Information shown:

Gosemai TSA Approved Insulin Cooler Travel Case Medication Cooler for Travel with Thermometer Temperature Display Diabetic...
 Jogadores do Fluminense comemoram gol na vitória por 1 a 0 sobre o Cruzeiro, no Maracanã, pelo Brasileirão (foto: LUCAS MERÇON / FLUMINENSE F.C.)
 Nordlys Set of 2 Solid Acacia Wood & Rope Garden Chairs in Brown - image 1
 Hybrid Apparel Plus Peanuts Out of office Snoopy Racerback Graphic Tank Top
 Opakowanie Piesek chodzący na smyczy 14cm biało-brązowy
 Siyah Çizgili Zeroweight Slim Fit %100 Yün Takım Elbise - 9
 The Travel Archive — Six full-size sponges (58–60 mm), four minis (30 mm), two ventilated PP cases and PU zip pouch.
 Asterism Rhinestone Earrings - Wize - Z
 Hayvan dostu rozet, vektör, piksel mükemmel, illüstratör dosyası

Work to complete: Which lines in the records above contain the word "Travel"? Copy each one.

Written solution:
Gosemai TSA Approved Insulin Cooler Travel Case Medication Cooler for Travel with Thermometer Temperature Display Diabetic...
 The Travel Archive — Six full-size sponges (58–60 mm), four minis (30 mm), two ventilated PP cases and PU zip pouch.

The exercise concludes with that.